We enjoyed an uncrowded anchorage and sighting a lone whale off our beam. Staging for the +/- 42hr crossing to mainland Mexico was mostly time spent stowing gear and resting. Our next anchorage would be Isla Isabel, also called the "Galapagos of Mexico".
Leaving Muertos at 2pm, our departure was timed to allow a daylight approach to Isabel. Calm seas, sunset and moon waxing made our first night of this passage very peaceful. Calm seas continued with long languorous swells. We encountered whales, then a large school of dolphins -- dozens peeled off to turn around and ride our bow, joyfully racing and arcing in pairs and threes until they fell away to rejoin the rest of the school. Calm seas are napping seas. Seals float on their back with their flippers resting over their belly or they may lay on their side in huddled numbers, each with one fin raised up in the air.
Second night passed and we can definitively confirm that Venus rising is not an approaching vessel.

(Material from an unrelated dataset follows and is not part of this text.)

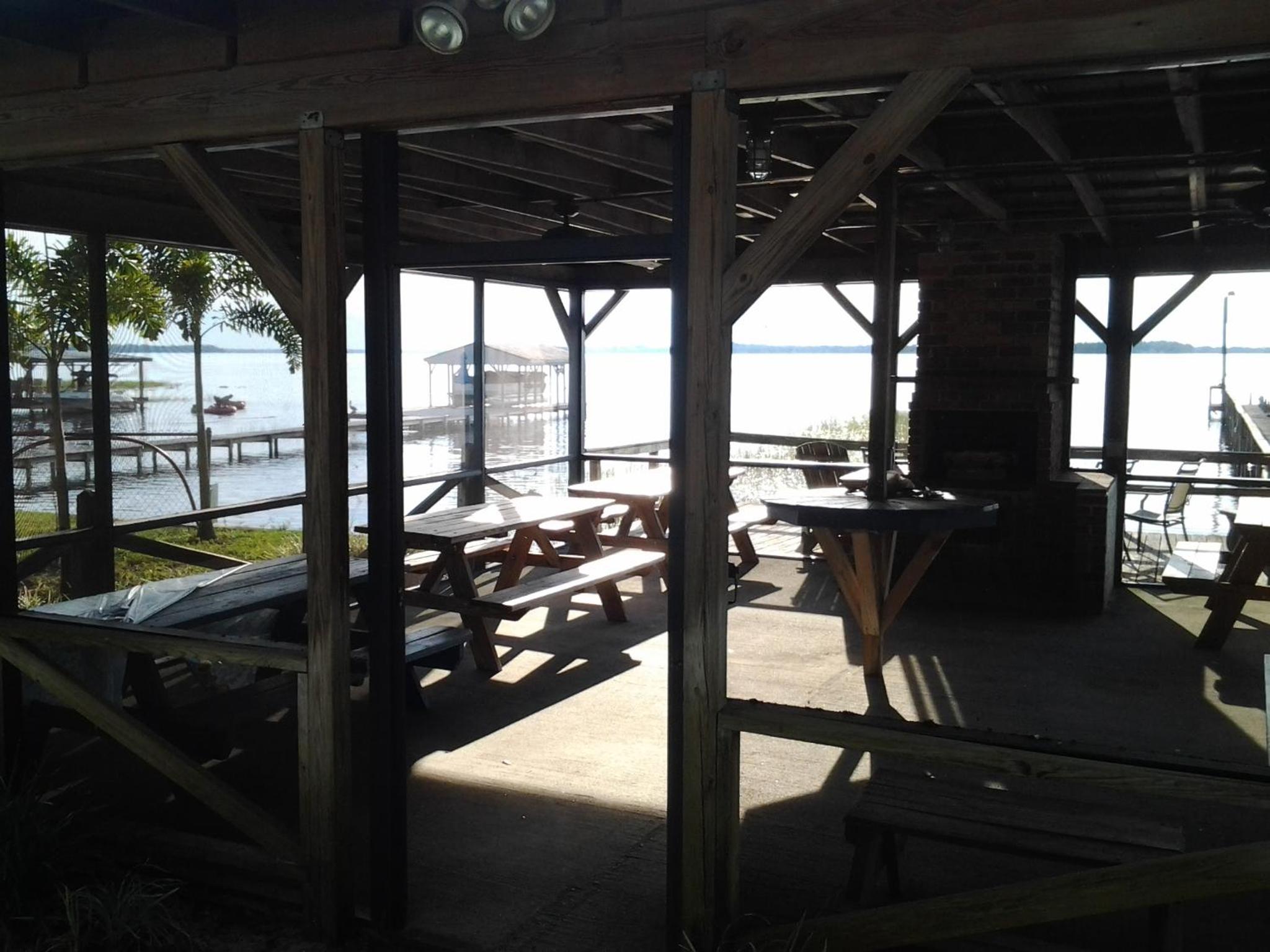Lakeside Inn and Cafe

Isla Isabel is volcanic rock emerging 40 miles off the mainland. Isolated in many ways, there is a fisherman camp in one small protected cove and a building that is being used as dormitories for conservation students. Iguanas rule the ground near shore while frigate birds, along with blue-footed and brown boobies, rule the sky and ground at cliffs edge. Fortunate for us, birds are nesting now! Frigate birds look prehistoric and the fledglings... only a mother could think adorable. Boobies? ....now there's a lovely, if funky bird. Mike bushwhacking got us to the wave-carved black-rock tide pools on the island's other side of the sheltered camps. The crashing waves and tidal marine life did not disappoint.
When we got back to SV Calla Lily holding fast at our bucking anchorage in thin sand and rocks, Mike dove the anchor line and physically moved anchor chain from under a rock ledge. The waves and currents around that island make for fantastic sea life but uncomfortable hours at anchor. Day or night, we were being pitched side to side without relief. Did the mama and baby humpback whales circumnavigating the island (right past our boat) and the breaching, lob-tailing others that we could see and hear a mile away make up for sleepless nights? YES! Yes they did.